Lorsque les corps sont présens nous les connoissons par les sensations qu’ils font sur nous, lorsqu’ils sont absens nous les connoissons par le souvenir des sensations qu’ils ont faites ; nous n’avons pas d’autre manière de les connoître.

Ce sont donc les sensations qui nous représentent les corps, ce sont elles qui nous les représentent lorsqu’elles existent actuellement dans l’ame ; et ce sont elles encore qui les représentent lorsqu’elles ne subsistent que dans le souvenir que nous en conservons.

Les sensations considérées comme représentant les corps se nomment idées, mot qui dans son origine n’a signifié que ce que no[u]s entendons par image.
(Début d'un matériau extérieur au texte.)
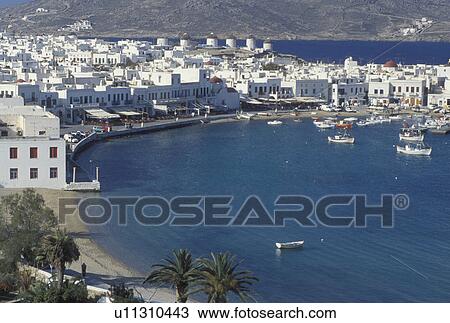 Mykonos, Greece, Greek Islands, Cyclades, Europe, Scenic view of Mykonos Harbor on the Aegean Sea. View Large Photo Image Stock Image - Mykonos, Greece, Greek Islands, Cyclades, Europe, Scenic view of Mykonos Harbor on the Aegean Sea.. Fotosearch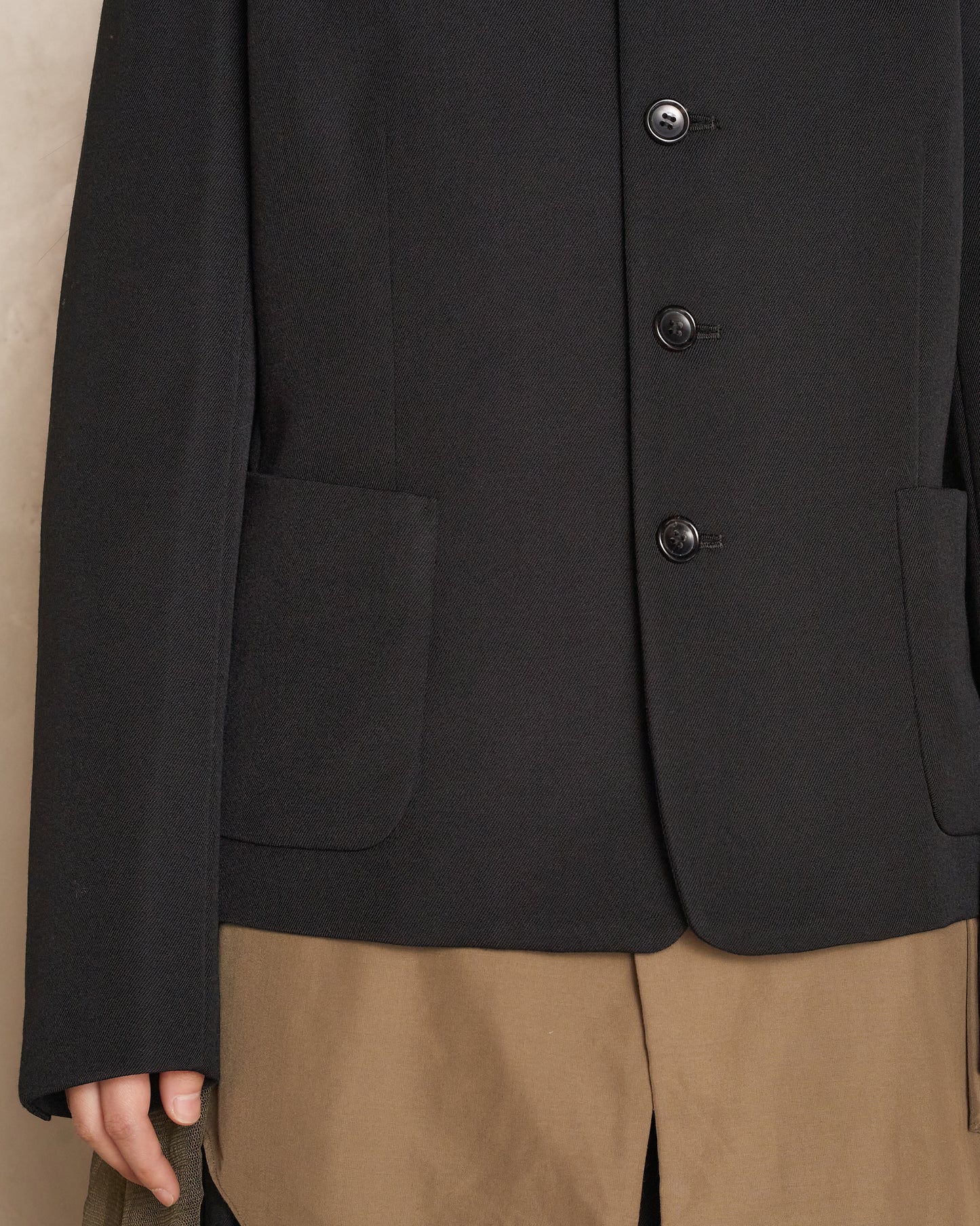 Black Wool Collared Jacket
Puisque les images qui nous représentent les corps ou les idées sont des sensations, autant nous avons de sensations différentes, autant nous avons d’idées ; et puisque nos sensations sont originairement nos seules idées, il ne nous est pas possible d’avoir des idées lorsque les sensations viennent à nous manquer. Un aveugle né n’a point d’idée des couleurs ; un sourd-muet n’a point d’idée des sons et si nous avions un sixième sens, nous aurions des idées que nous n’avons pas.

Les choses que nos idées ou nos sensations nous représentent dans les corps, se nomment qualités, manière d’être ou modifications. |4 qualités, parce que par elles les corps sont distingués les uns des autres, manière d’être, parce que c’est la manière dont ils existent ; modifications, parce qu’une qualité de plus ou de moins modifie un corps, c.a.d. produit quelques changemens dans sa manière d’exister. Les qualités qui sont tellement propre à une chose qu’elles ne sauroient convenir à une autre, se nomment propriétés. par exemple, éternel est une propriété qui ne convient qu’à Dieu.

Dès que les qualités distinguent les corps et qu’elles en sont des manières d’être, il y a dans les corps quelque chose que ces qualités modifient qui en est le soutien ou le sujet, que nous nous représentons dessous et que par cette raison nous appelons substance, du mot latin substare qui signifie être dessous.

Les sensations ne nous représentent pas ce quelque chose, nous n’en avons aucune idée ; mais puisque les qualités modifient, il faut bien qu’il y ait quelque chose qui soit modifié. Le mot substance est donc un nom donné à une chose que nous savons exister quoique nous n’en ayons point d’idée.

 

 

§ 2 Manière d’analyser les corps.

 

Si vous vouliez connoître l’intérieur d’une montre, vous la démonteriez, ou décomposeriez : vous arrangeriez avec ordre toutes ses parties devant vous ; vous examineriez séparément comment chacune est faite, comment l’une agit sur l’autre et comment le mouvement, communiqué par un premier ressort, passe de roue en roue jusqu’à l’aiguille qui marque les heures.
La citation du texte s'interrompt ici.